- **What to produce**: Any picture in the data below should be skipped, while every line is repeated exactly.
[Records provided — start]
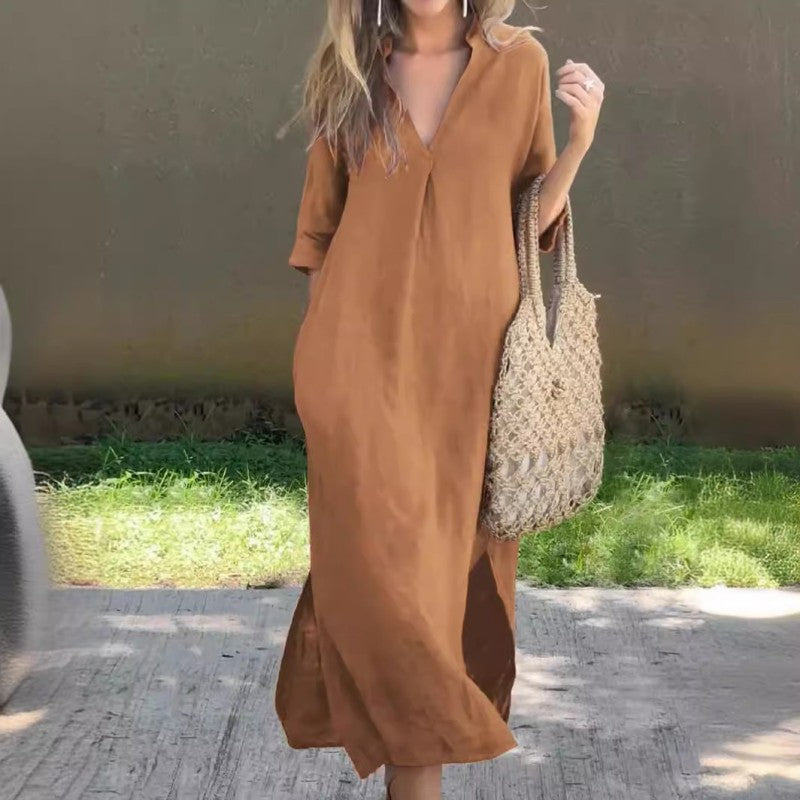 50% OFF🔥Elegant V-Neck Slit Dress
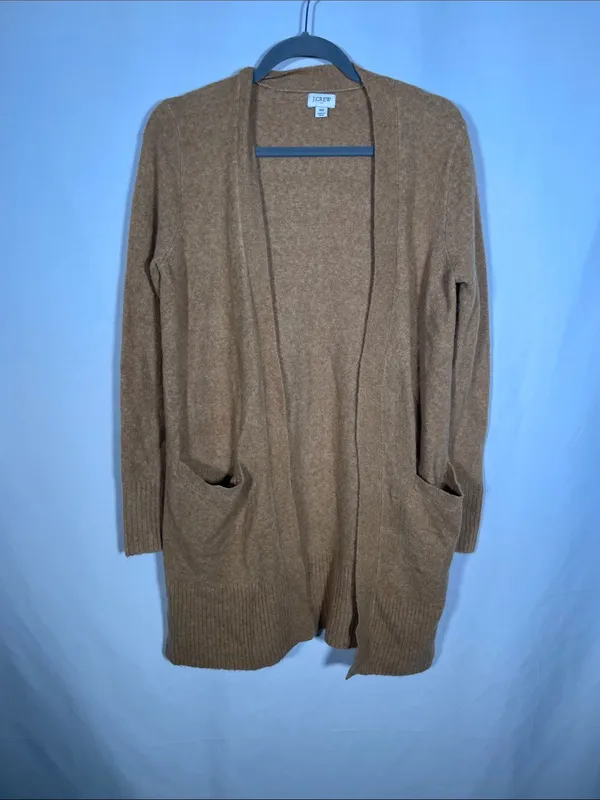 J. Crew Womens Open Front Cardigan Sweater Extra Soft Yarn Tan Xs Ad036 - Image 2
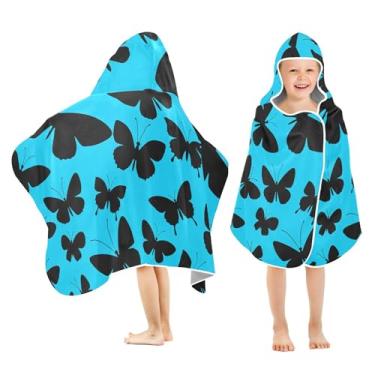 Imagem de Burbuja Toalha de banho com capuz borboleta em azul para crianças, toalha de praia de pelúcia macia absorvente para chá de meninas e meninos 3-10 anos, 61 x 127 cm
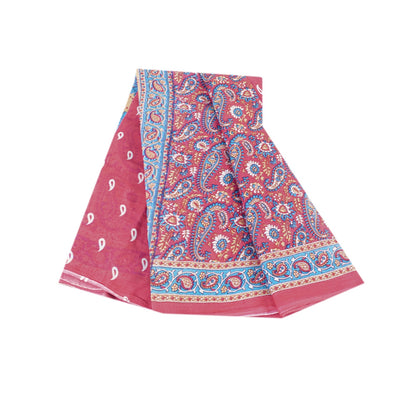 Sanskriti Vintage Sarees Pink Pure Cotton Paisely Printed Sari 6+yd Craft Fabric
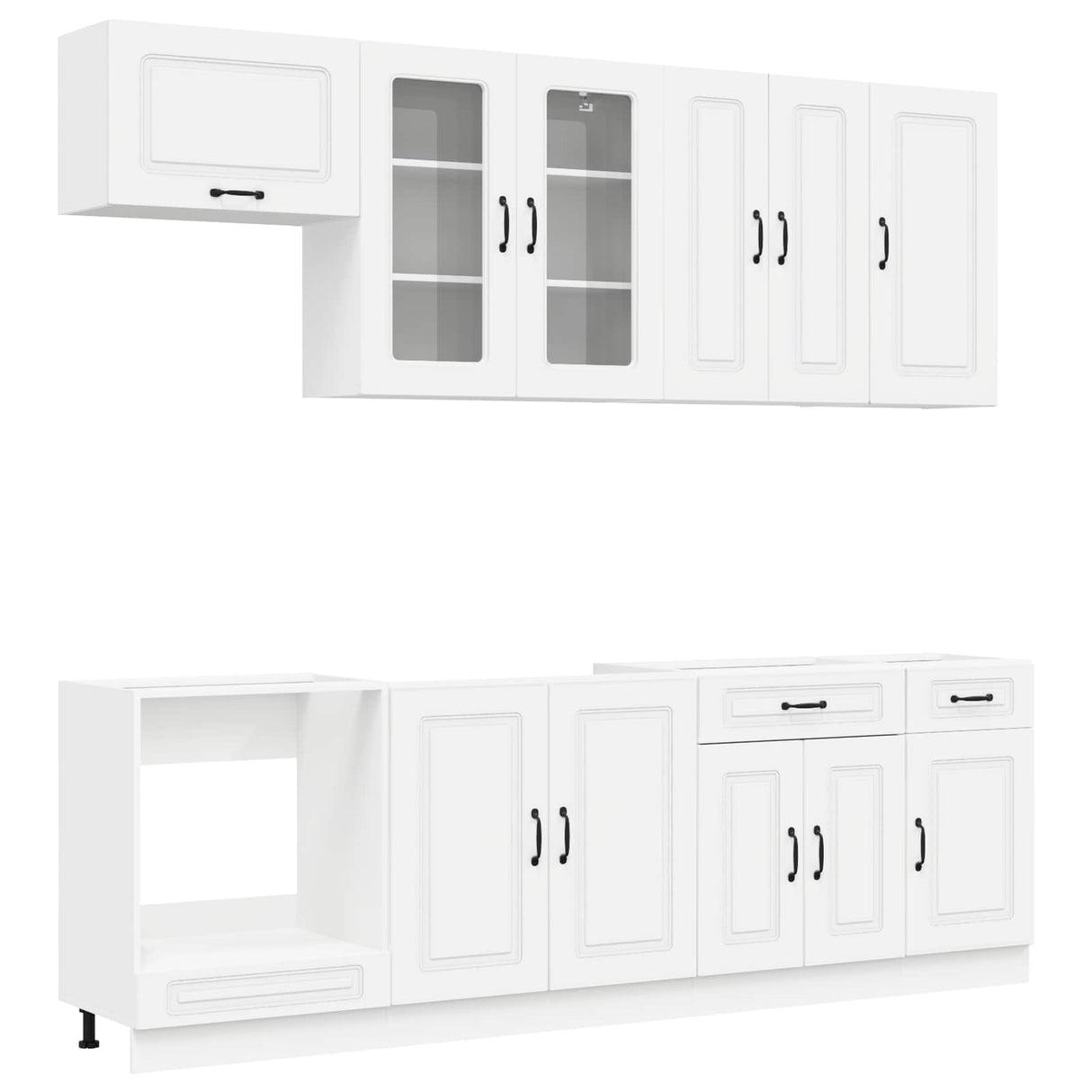 Cabinet Set with Drawer with Shelf 8 pcs White Engineered Wood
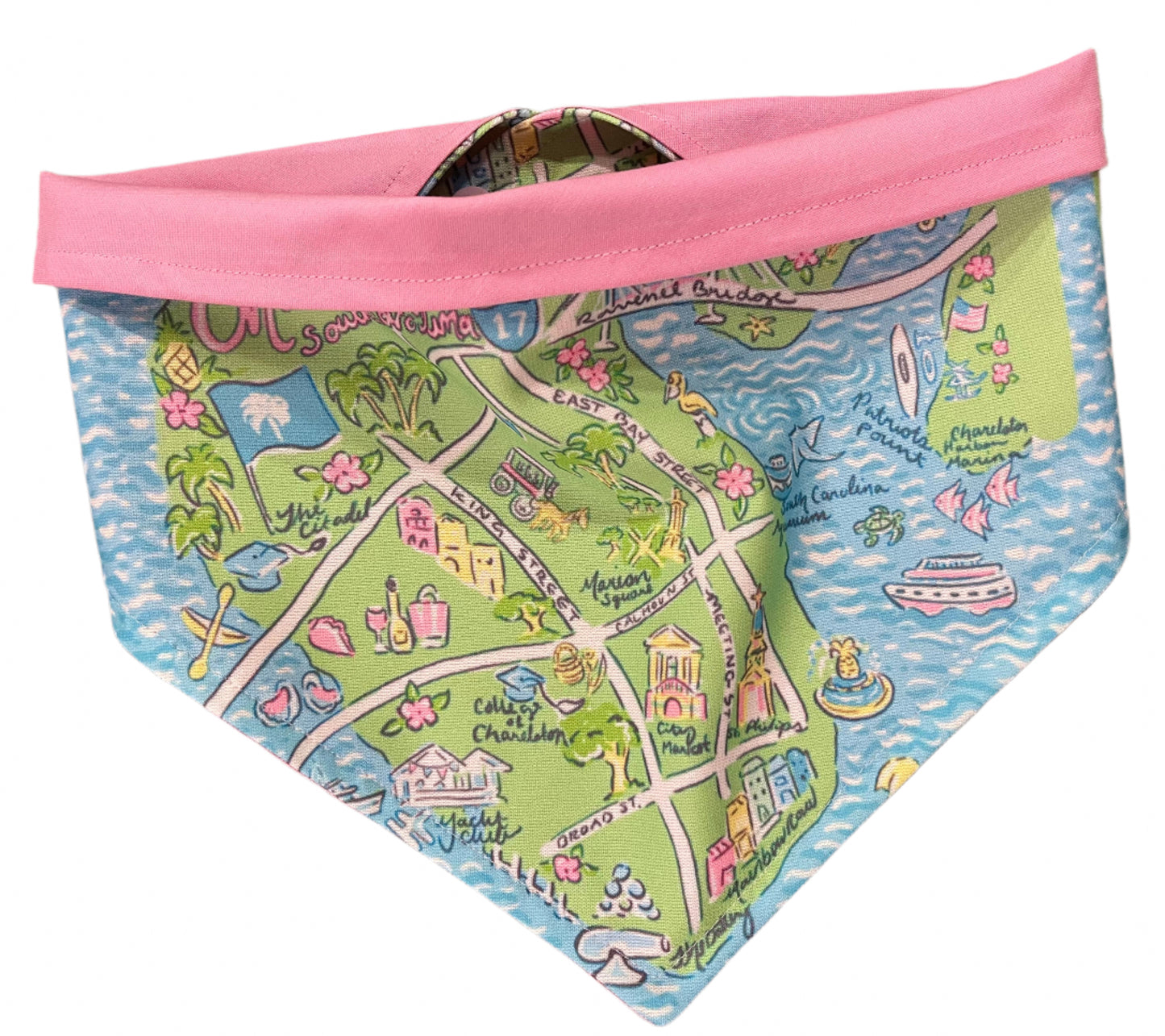 Dog Bandana - Charleston Watercolor Map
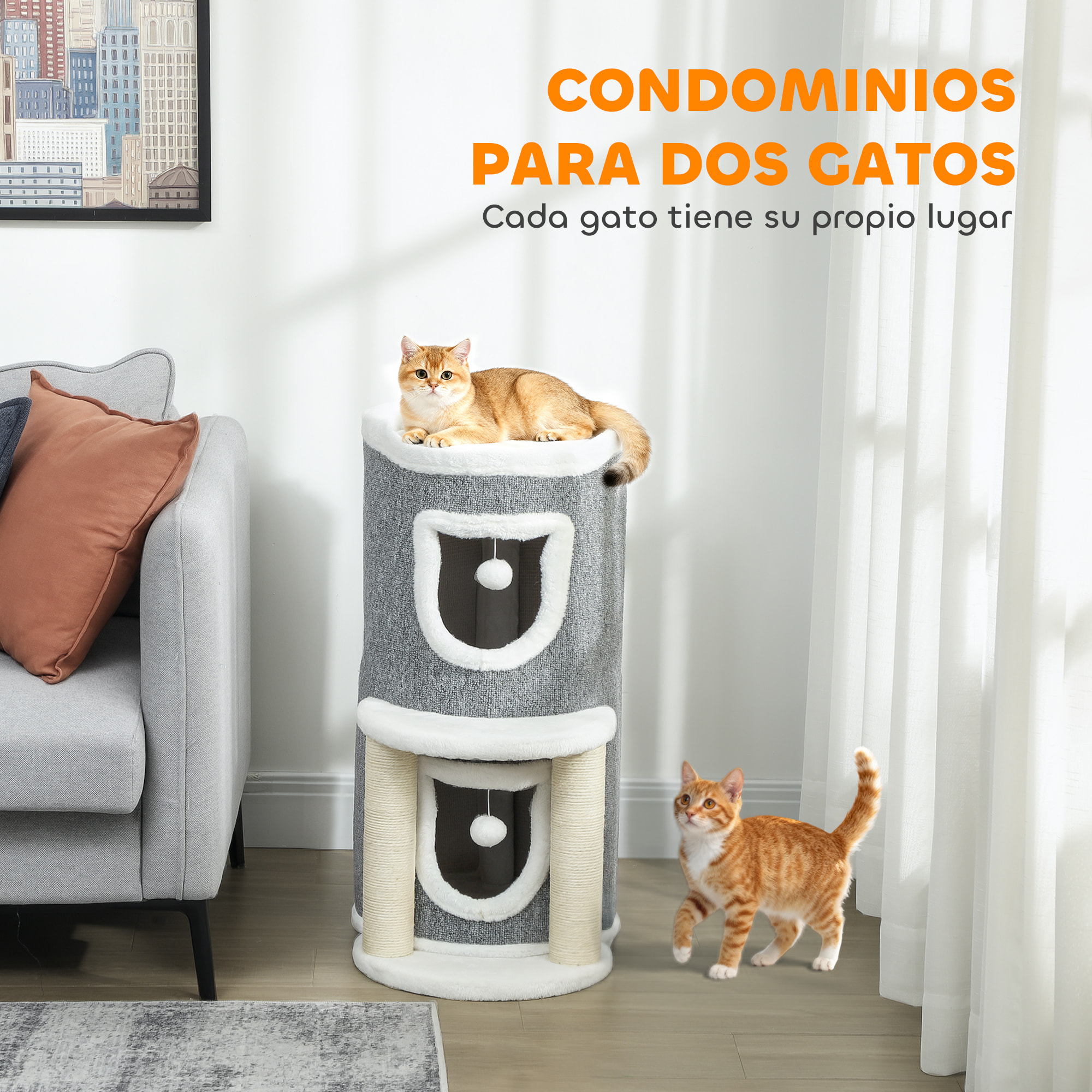 Árbol Rascador para Gatos, Árbol para Gatos 76 cm, Torre Escalador con Cama, 2 Cuevas, Postes de Sisal, Alfombra de Rascado, Bolas para Jugar, Gris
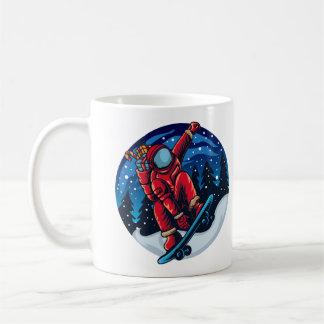 スケートボード付きサンタ宇宙飛行士 コーヒーマグカップ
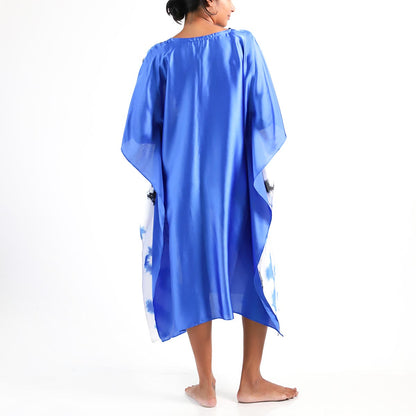 Brush Strokes Silk Batik Kaftan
[Records provided — finish]
- **Written solution**:
 50% OFF🔥Elegant V-Neck Slit Dress
 J. Crew Womens Open Front Cardigan Sweater Extra Soft Yarn Tan Xs Ad036 - Image 2
 Imagem de Burbuja Toalha de banho com capuz borboleta em azul para crianças, toalha de praia de pelúcia macia absorvente para chá de meninas e meninos 3-10 anos, 61 x 127 cm
 Sanskriti Vintage Sarees Pink Pure Cotton Paisely Printed Sari 6+yd Craft Fabric
 Cabinet Set with Drawer with Shelf 8 pcs White Engineered Wood
 Dog Bandana - Charleston Watercolor Map
 Árbol Rascador para Gatos, Árbol para Gatos 76 cm, Torre Escalador con Cama, 2 Cuevas, Postes de Sisal, Alfombra de Rascado, Bolas para Jugar, Gris
 スケートボード付きサンタ宇宙飛行士 コーヒーマグカップ
 Brush Strokes Silk Batik Kaftan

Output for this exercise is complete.